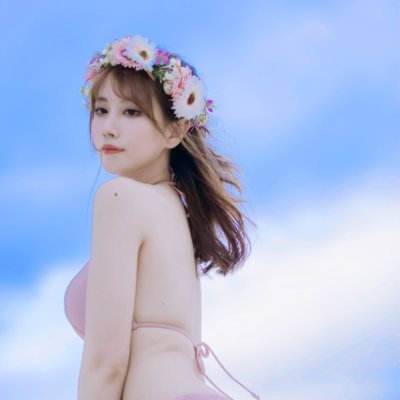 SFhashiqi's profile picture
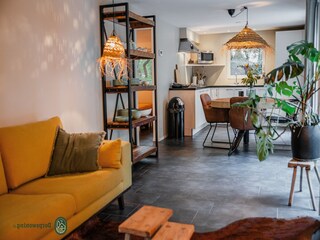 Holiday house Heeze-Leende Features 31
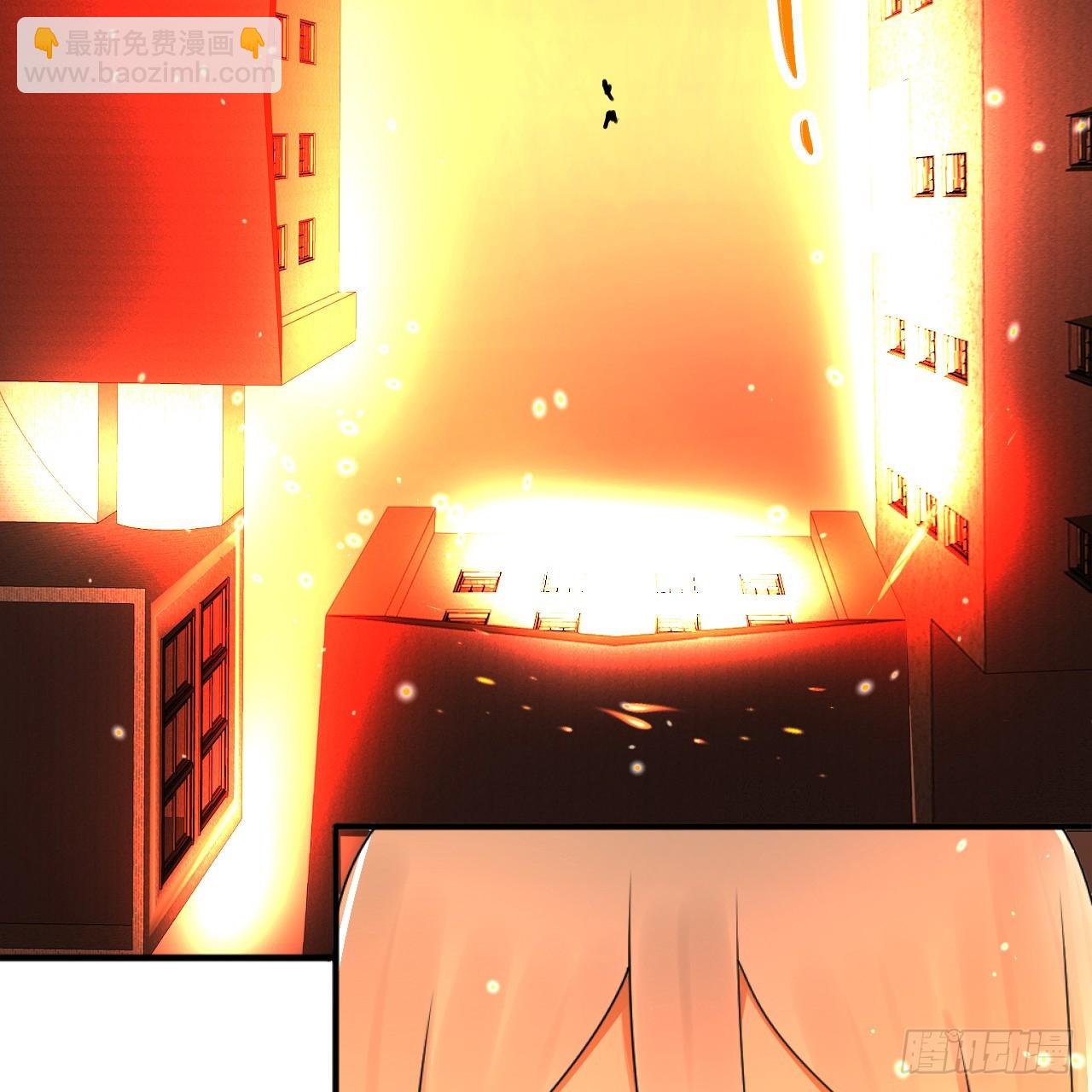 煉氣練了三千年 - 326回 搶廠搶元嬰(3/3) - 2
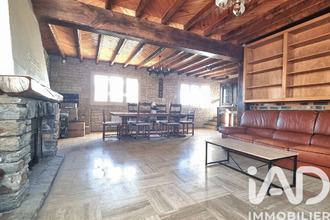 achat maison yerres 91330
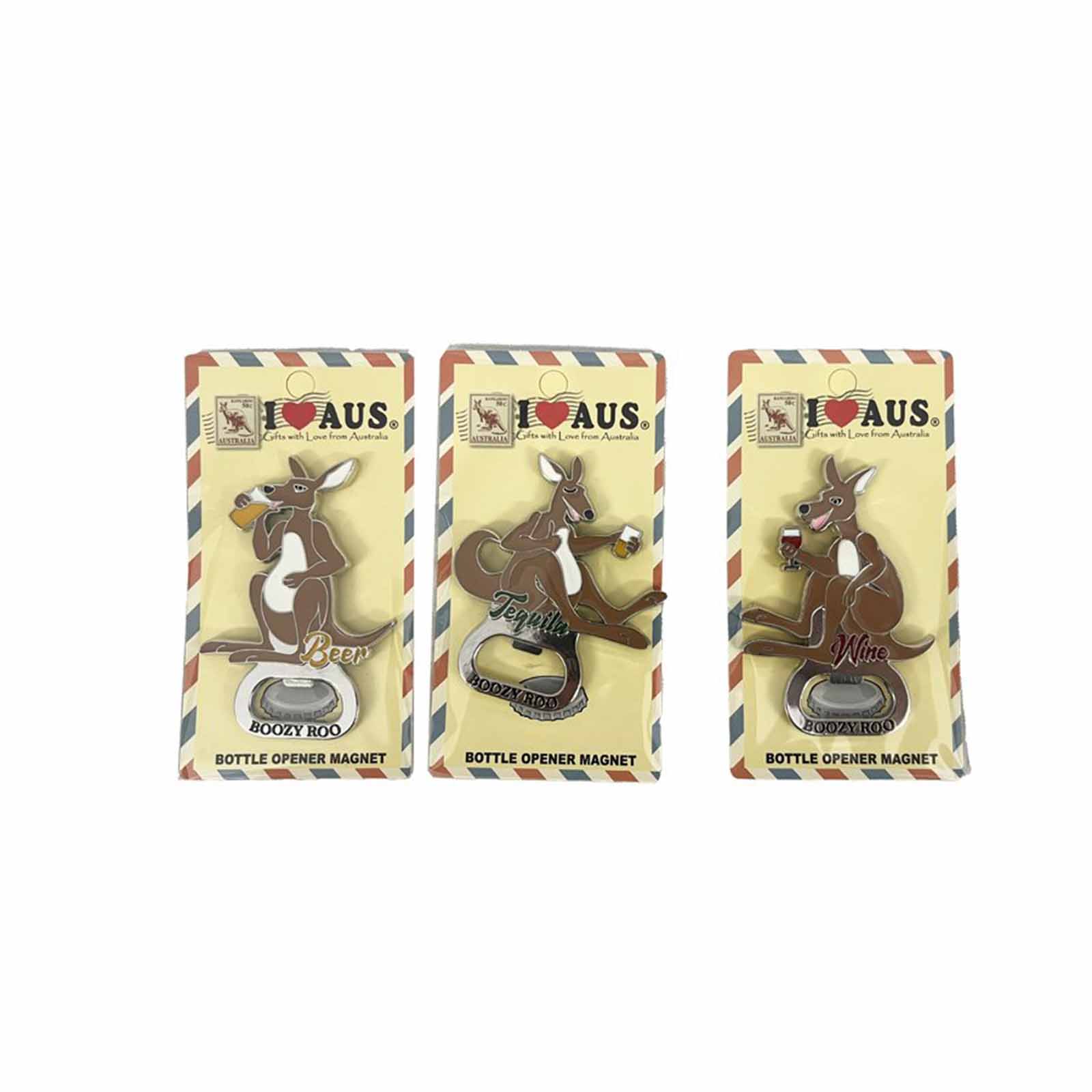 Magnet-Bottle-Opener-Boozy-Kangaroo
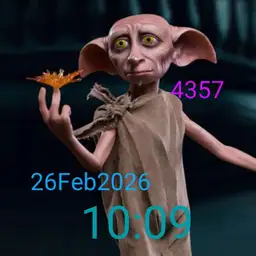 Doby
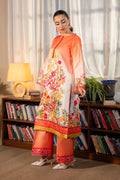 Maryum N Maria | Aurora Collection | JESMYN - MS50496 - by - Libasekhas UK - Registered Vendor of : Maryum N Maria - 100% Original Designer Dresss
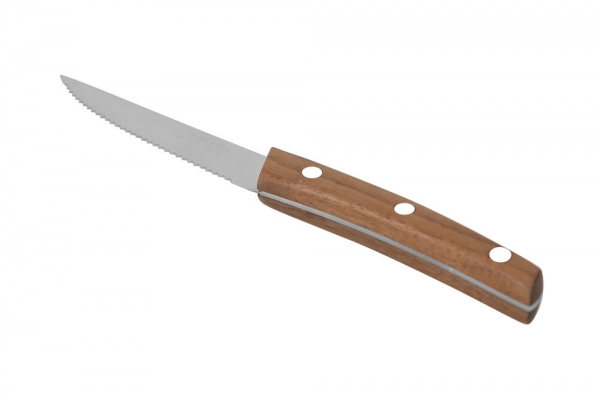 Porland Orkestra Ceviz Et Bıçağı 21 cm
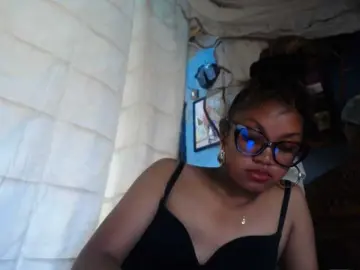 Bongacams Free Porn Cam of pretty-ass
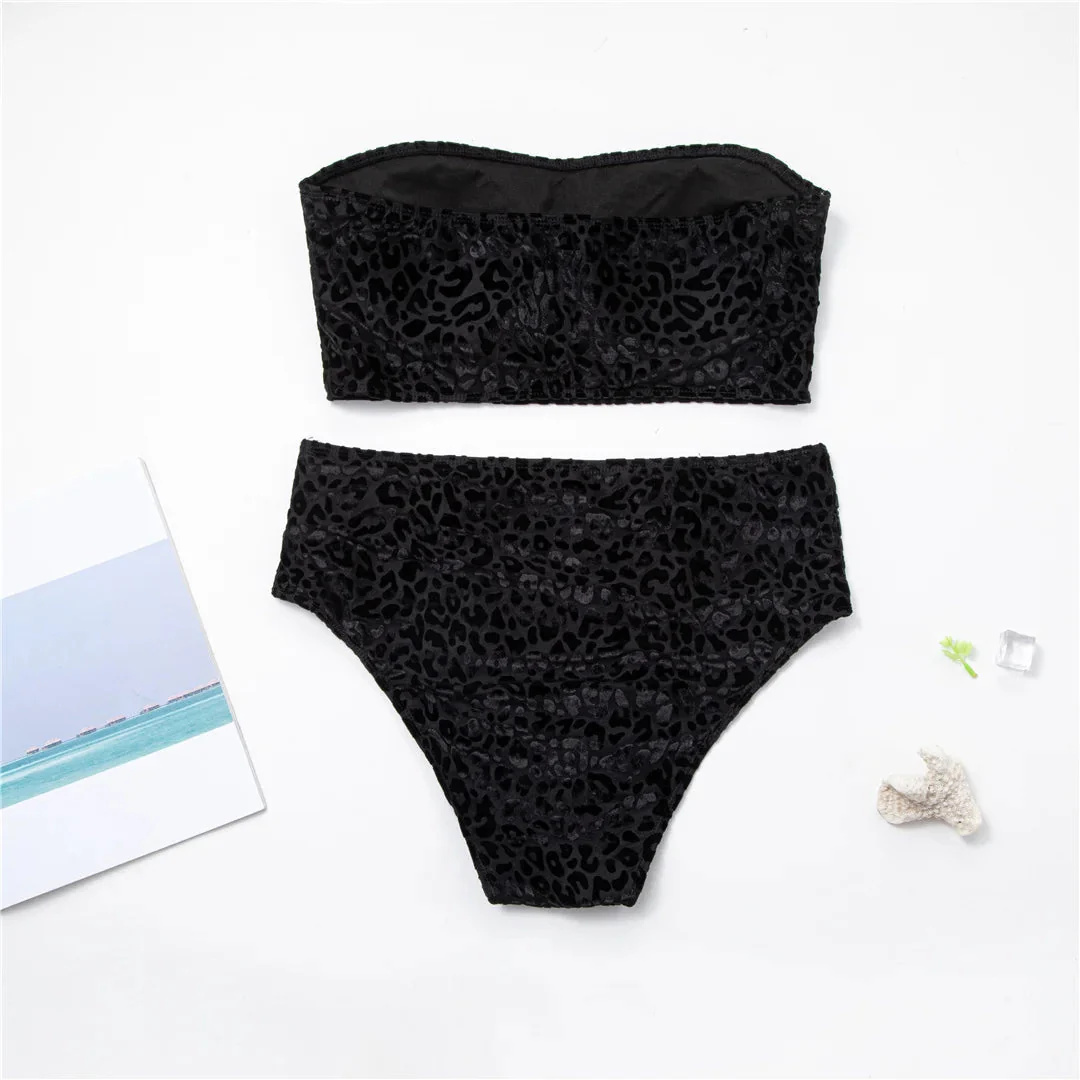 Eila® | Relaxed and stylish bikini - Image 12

* * *

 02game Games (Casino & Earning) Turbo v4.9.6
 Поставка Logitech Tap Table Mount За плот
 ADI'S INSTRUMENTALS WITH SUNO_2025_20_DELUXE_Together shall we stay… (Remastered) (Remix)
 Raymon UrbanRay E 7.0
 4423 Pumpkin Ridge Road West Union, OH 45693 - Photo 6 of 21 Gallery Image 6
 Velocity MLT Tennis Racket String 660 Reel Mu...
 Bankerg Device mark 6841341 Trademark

...

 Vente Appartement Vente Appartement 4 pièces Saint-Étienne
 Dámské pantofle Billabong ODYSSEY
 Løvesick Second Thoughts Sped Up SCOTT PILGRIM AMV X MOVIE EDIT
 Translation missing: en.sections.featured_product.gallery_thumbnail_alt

Exercise instructions = Looking at the listing above, which lines run from the one containing "SFhashiqi's profile picture" through the one containing "Eila® | Relaxed"? Print exactly those, ends included, pictures excluded.

Response box =
 SFhashiqi's profile picture
 Holiday house Heeze-Leende Features 31
 煉氣練了三千年 - 326回 搶廠搶元嬰(3/3) - 2
 achat maison yerres 91330
 Magnet-Bottle-Opener-Boozy-Kangaroo
 Doby
 Maryum N Maria | Aurora Collection | JESMYN - MS50496 - by - Libasekhas UK - Registered Vendor of : Maryum N Maria - 100% Original Designer Dresss
 Porland Orkestra Ceviz Et Bıçağı 21 cm
 Bongacams Free Porn Cam of pretty-ass
 Eila® | Relaxed and stylish bikini - Image 12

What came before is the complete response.